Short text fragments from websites
* * * * * * *

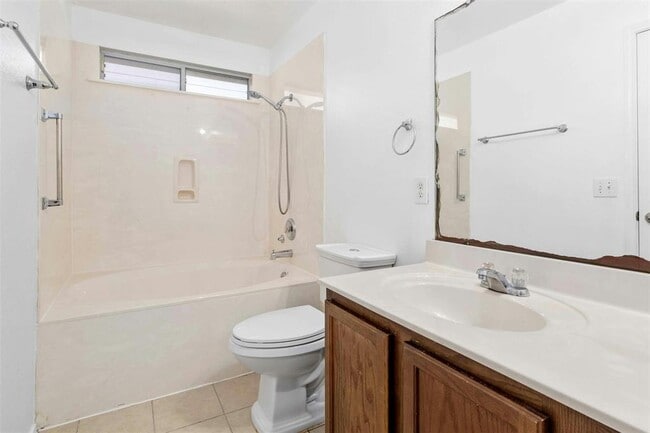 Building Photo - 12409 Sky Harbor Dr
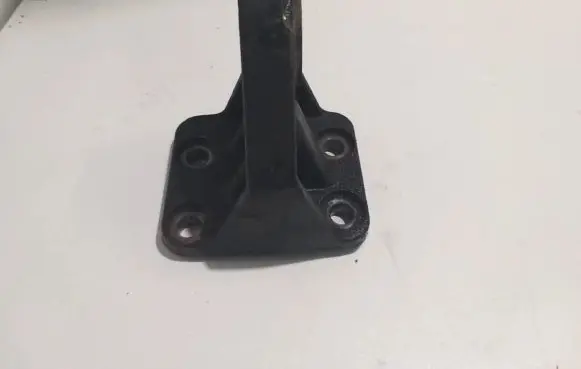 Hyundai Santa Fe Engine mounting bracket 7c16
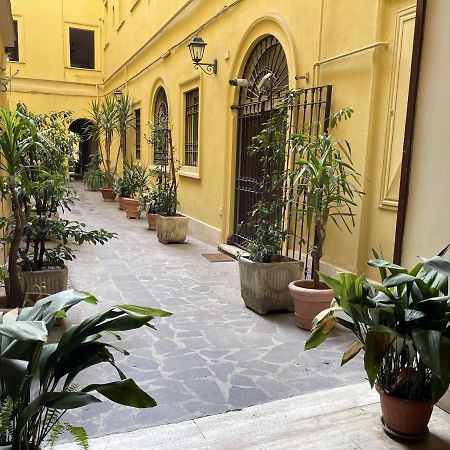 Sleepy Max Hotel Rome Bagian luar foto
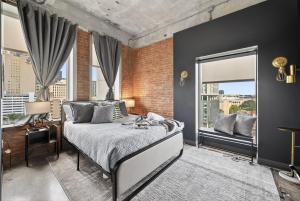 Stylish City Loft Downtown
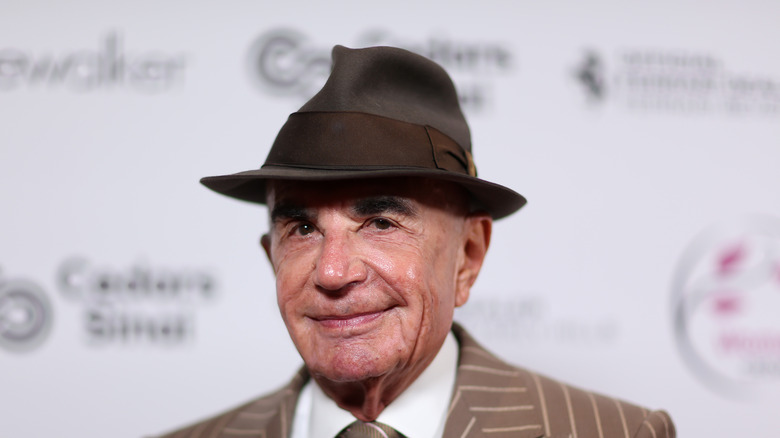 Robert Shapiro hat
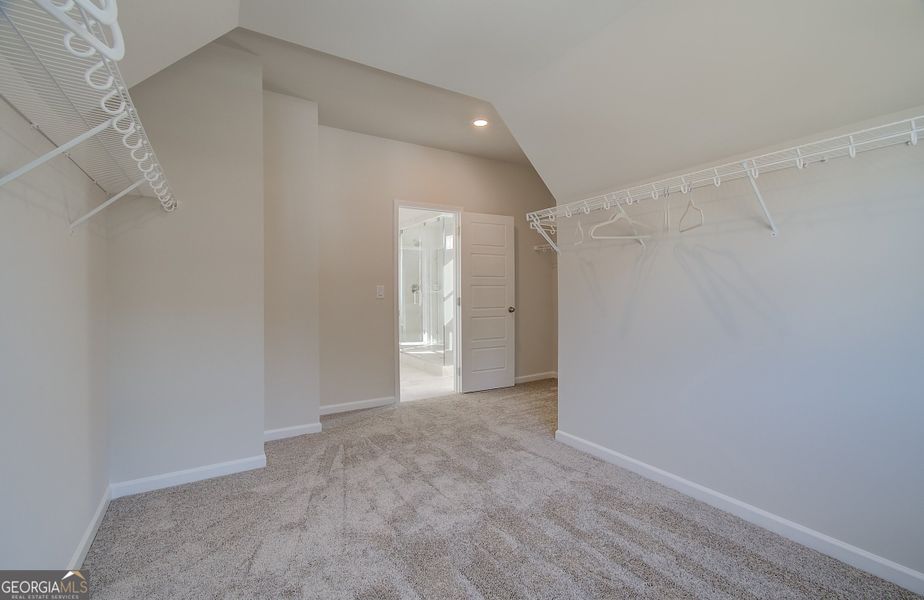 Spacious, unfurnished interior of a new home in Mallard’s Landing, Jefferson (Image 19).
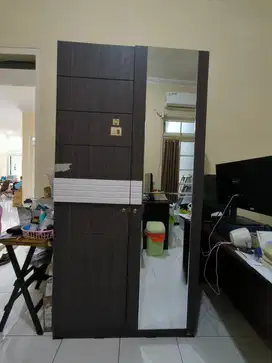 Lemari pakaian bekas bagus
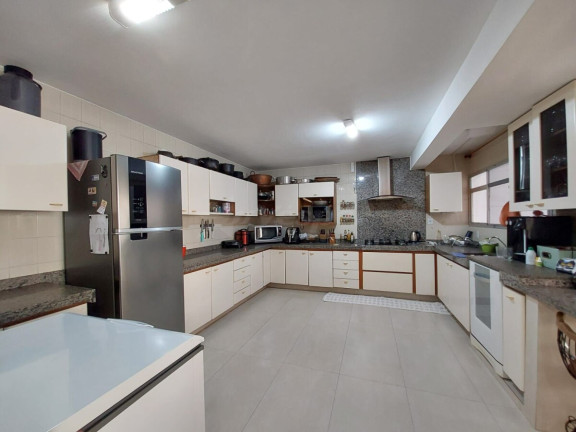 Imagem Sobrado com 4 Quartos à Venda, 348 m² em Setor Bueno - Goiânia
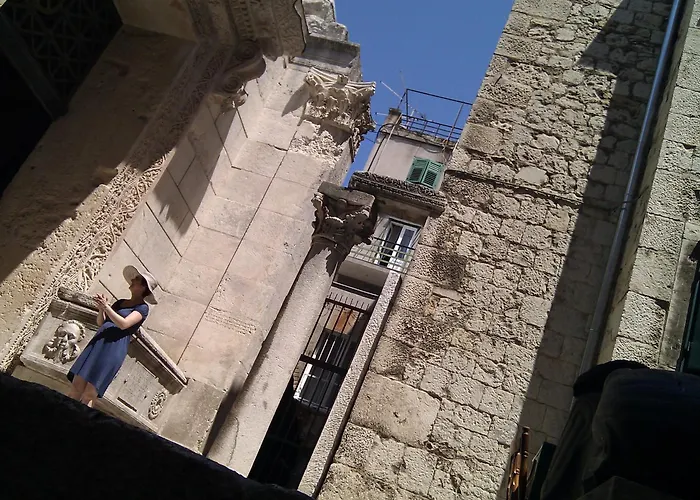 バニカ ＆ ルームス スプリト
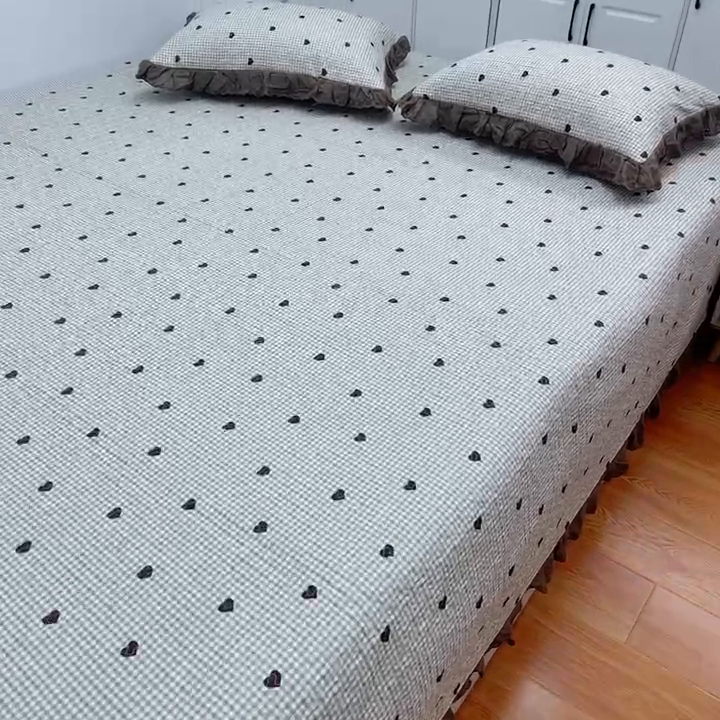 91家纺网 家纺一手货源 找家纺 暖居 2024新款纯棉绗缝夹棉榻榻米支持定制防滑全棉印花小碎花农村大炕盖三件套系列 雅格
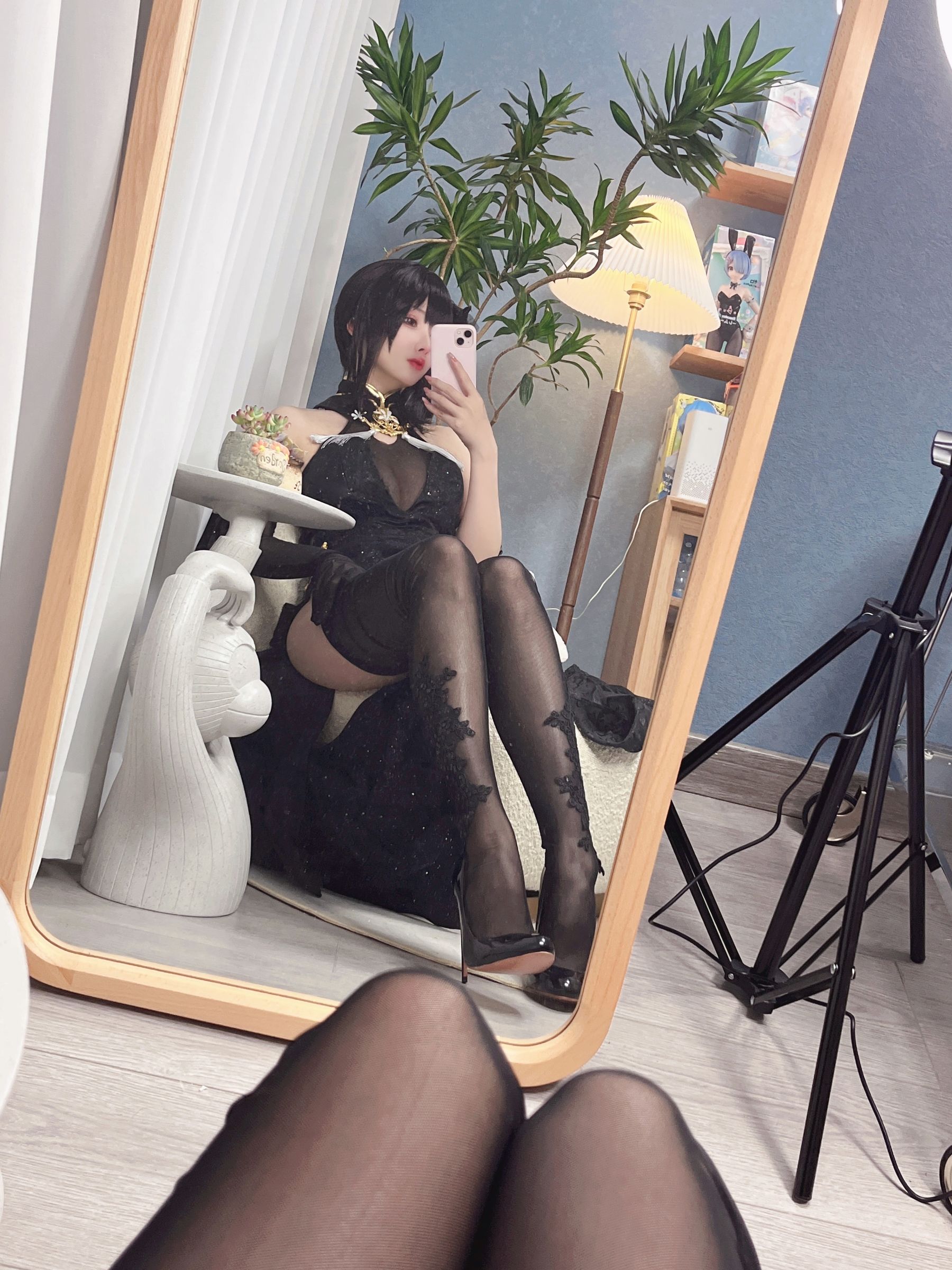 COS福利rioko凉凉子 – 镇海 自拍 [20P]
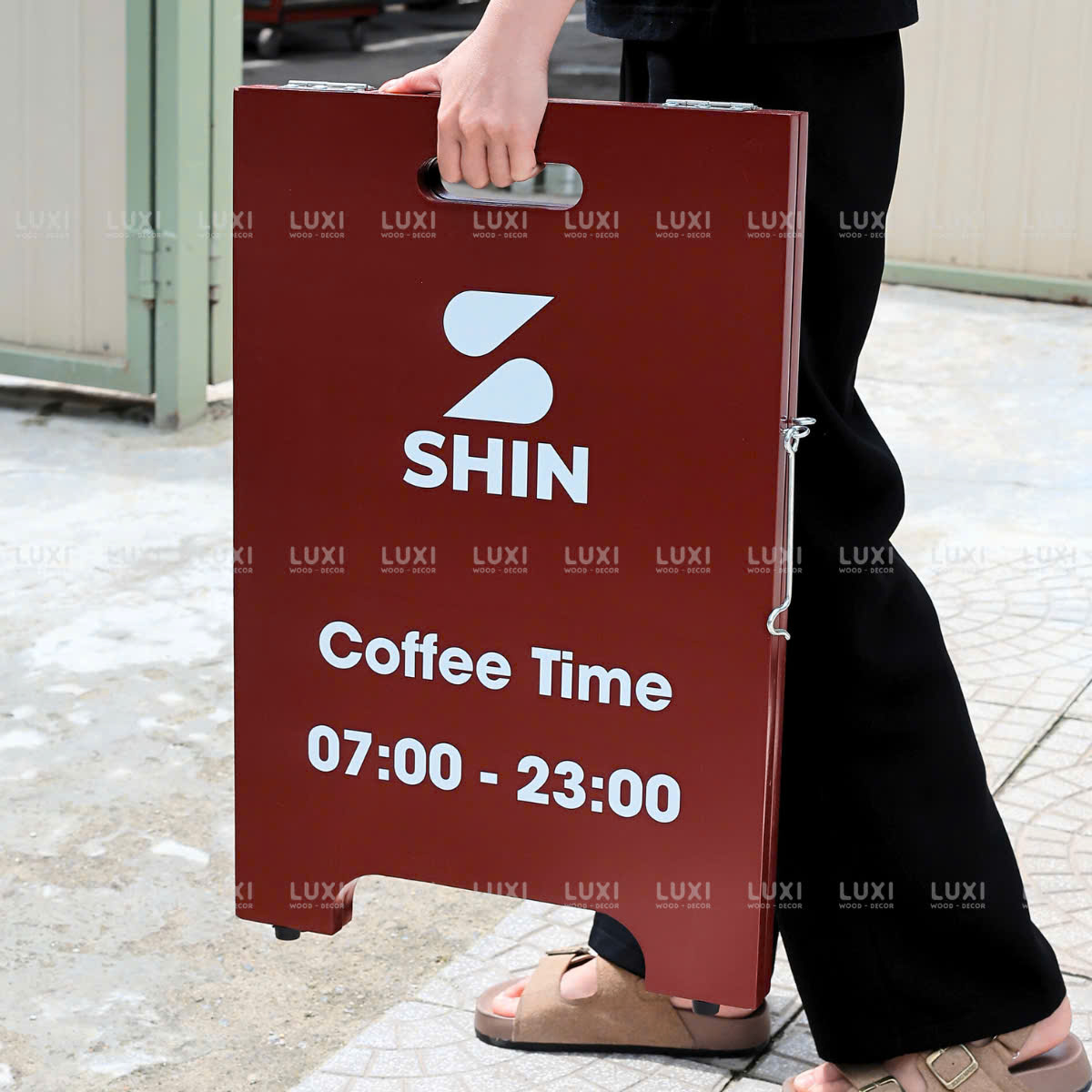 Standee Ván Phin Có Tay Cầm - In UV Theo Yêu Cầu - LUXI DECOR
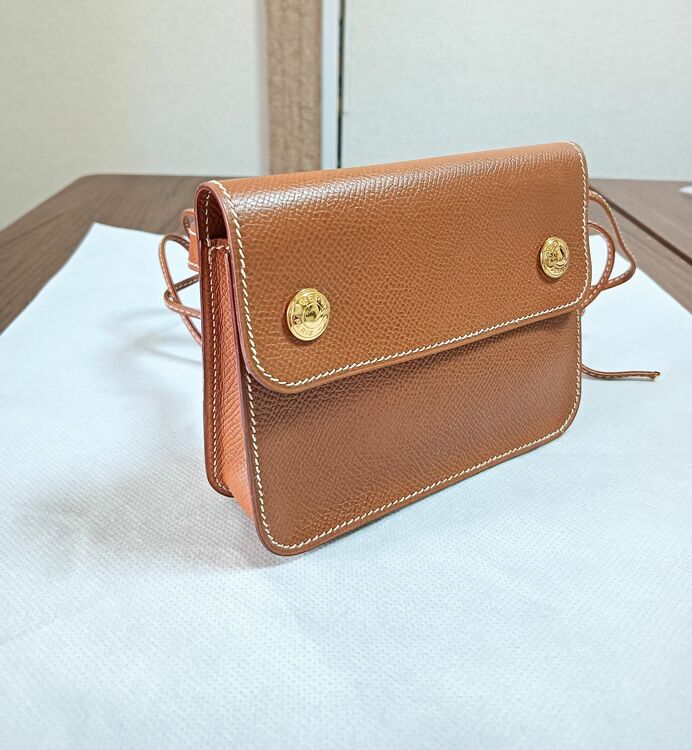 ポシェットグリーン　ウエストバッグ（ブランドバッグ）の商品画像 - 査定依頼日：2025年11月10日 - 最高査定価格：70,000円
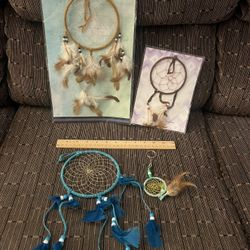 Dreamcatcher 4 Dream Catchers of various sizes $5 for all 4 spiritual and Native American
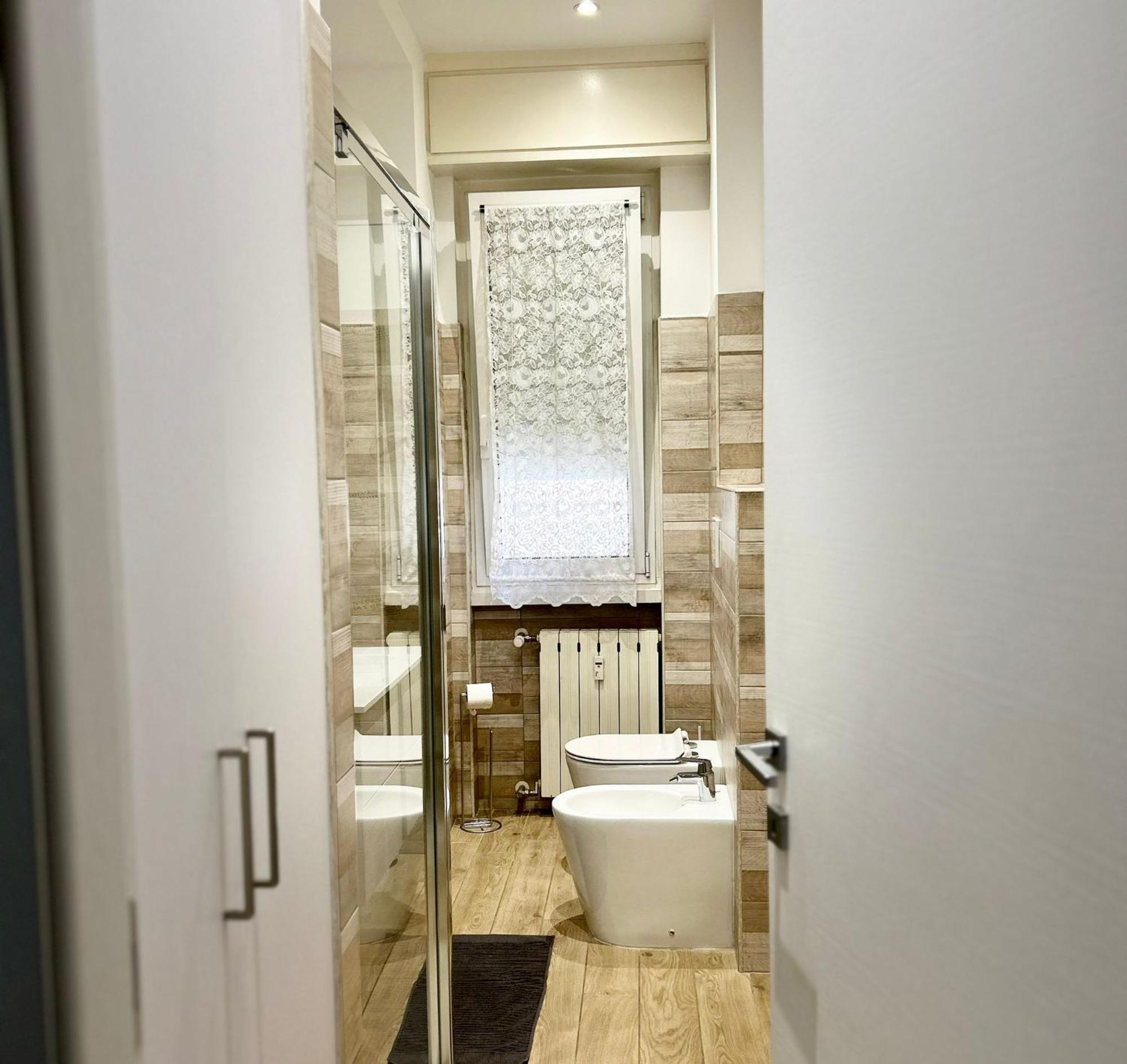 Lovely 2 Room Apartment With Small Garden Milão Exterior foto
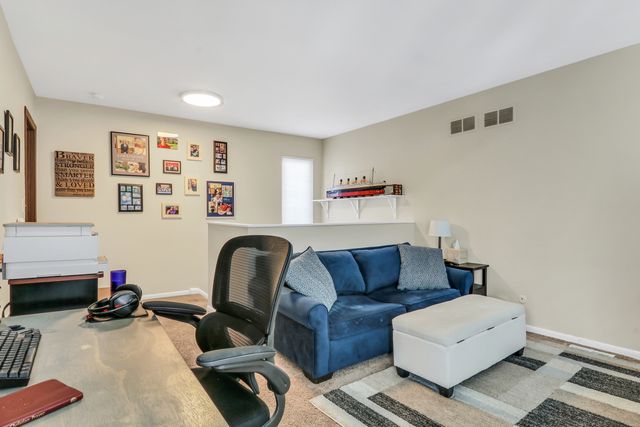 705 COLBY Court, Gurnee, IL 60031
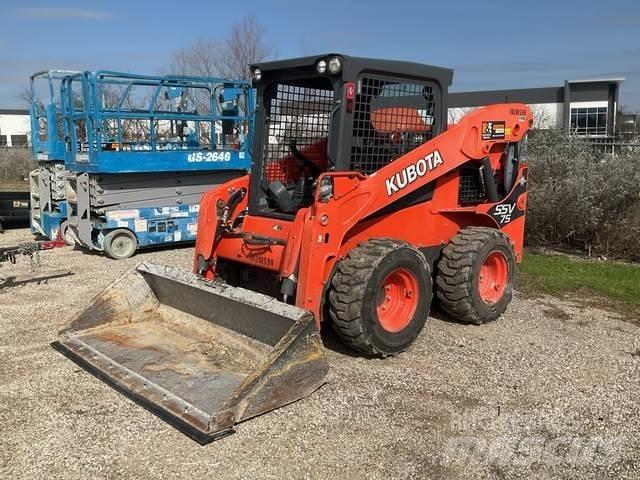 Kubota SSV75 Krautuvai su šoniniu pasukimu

* * * * * * *

- **EXERCISE REQUIREMENTS**
Write out the data above exactly as it appears, but without any image.

- **OUTPUT**
 Building Photo - 12409 Sky Harbor Dr
 Hyundai Santa Fe Engine mounting bracket 7c16
 Sleepy Max Hotel Rome Bagian luar foto
 Stylish City Loft Downtown
 Robert Shapiro hat
 Spacious, unfurnished interior of a new home in Mallard’s Landing, Jefferson (Image 19).
 Lemari pakaian bekas bagus
 Imagem Sobrado com 4 Quartos à Venda, 348 m² em Setor Bueno - Goiânia
 バニカ ＆ ルームス スプリト
 91家纺网 家纺一手货源 找家纺 暖居 2024新款纯棉绗缝夹棉榻榻米支持定制防滑全棉印花小碎花农村大炕盖三件套系列 雅格
 COS福利rioko凉凉子 – 镇海 自拍 [20P]
 Standee Ván Phin Có Tay Cầm - In UV Theo Yêu Cầu - LUXI DECOR
 ポシェットグリーン　ウエストバッグ（ブランドバッグ）の商品画像 - 査定依頼日：2025年11月10日 - 最高査定価格：70,000円
 Dreamcatcher 4 Dream Catchers of various sizes $5 for all 4 spiritual and Native American
 Lovely 2 Room Apartment With Small Garden Milão Exterior foto
 705 COLBY Court, Gurnee, IL 60031
 Kubota SSV75 Krautuvai su šoniniu pasukimu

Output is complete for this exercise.